Per definirne la storia, occorre effettuare un collegamento alla plurisecolare storia del popolo alcamese, richiamando l’attenzione delle nuove generazioni,  facendo conoscere i giorni fasti e nefasti della storia del nostro castello, le sortite militari di repressione, gli episodi di clemenza e di barbarie medievali.

La Sicilia, posta al centro del Mediterraneo, è stata il ponte tra Europa, Africa e Oriente, punto di incontro e di scontro fra potenze in lotte, subendo varie invasioni nel corso della storia. I conquistatori primitivi della Sicilia furono i Sicani, provenienti dalla Spagna, i Siculi, sopraggiunti dall’Italia e gli Elimi, Troiani sfuggiti agli Achei. Gli Elimi conquistarono la parte occidentale della Sicilia, e arricchirono il territorio di monumenti storici affini alla cultura greca, dovuta alla loro cultura Grecanica. Attorno al 580 a.c. i Greci occuparono tutta la Sicilia.

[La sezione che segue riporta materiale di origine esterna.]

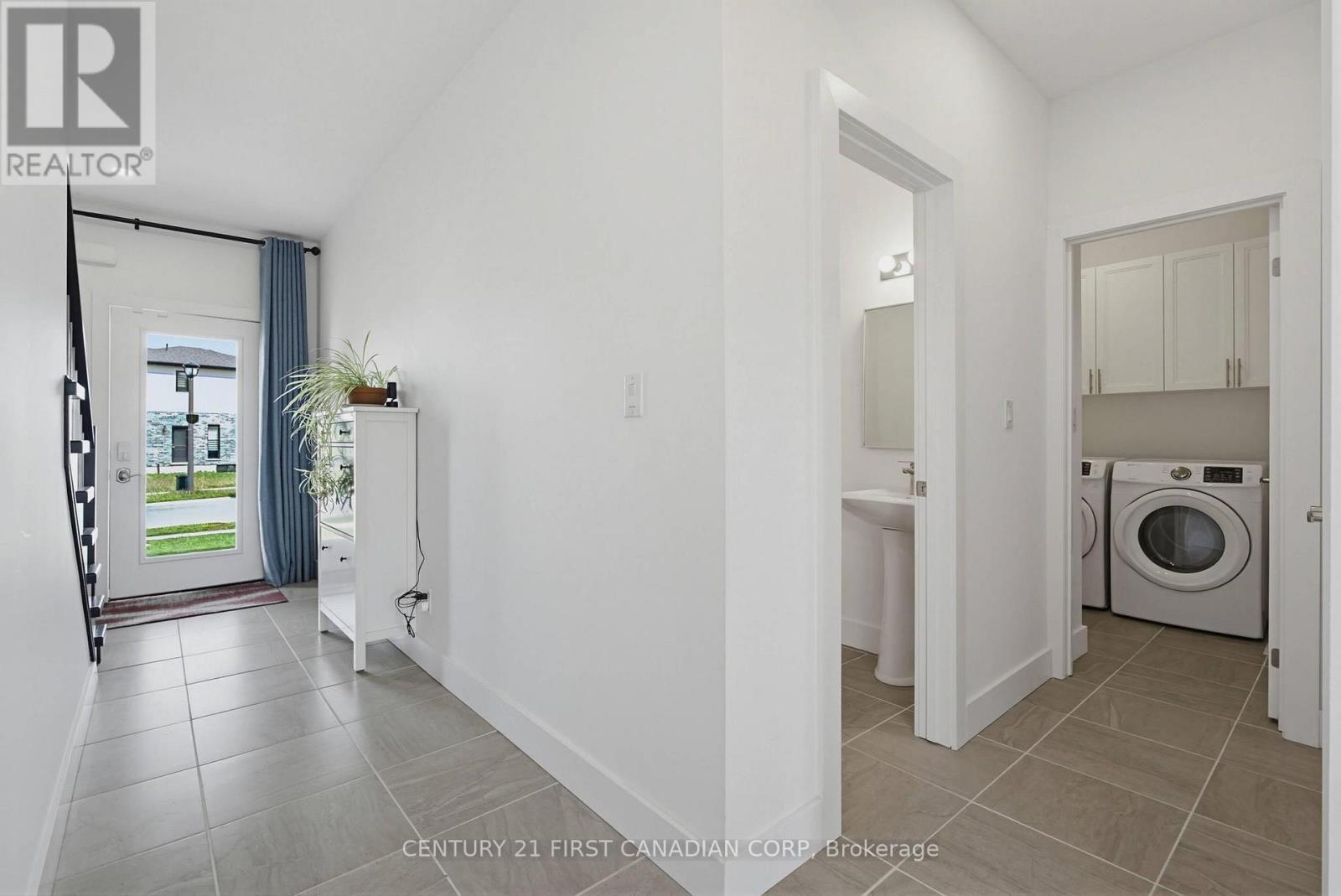 2201 Wateroak Drive, London North, Ontario  N6G 0R1 - Photo 17 - X13168292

Nel 700 a.C. arrivarono i Fenici, che insediarono solo gli scali commerciali (Mozia, Palermo, Selinunte, Trapani). Il sopraggiungere dei Romani, trasformò l’isola in “Granaio della Repubblica” e  l’isola fu sottoposta a terribili sparizioni del suo patrimonio artistico. In seguito alla caduta dell’Impero romano, Alcamo, come il resto di tutte le città siciliane, soffrì  per le invasioni barbariche e per la successiva dominazione bizantina, intorno al IV sec.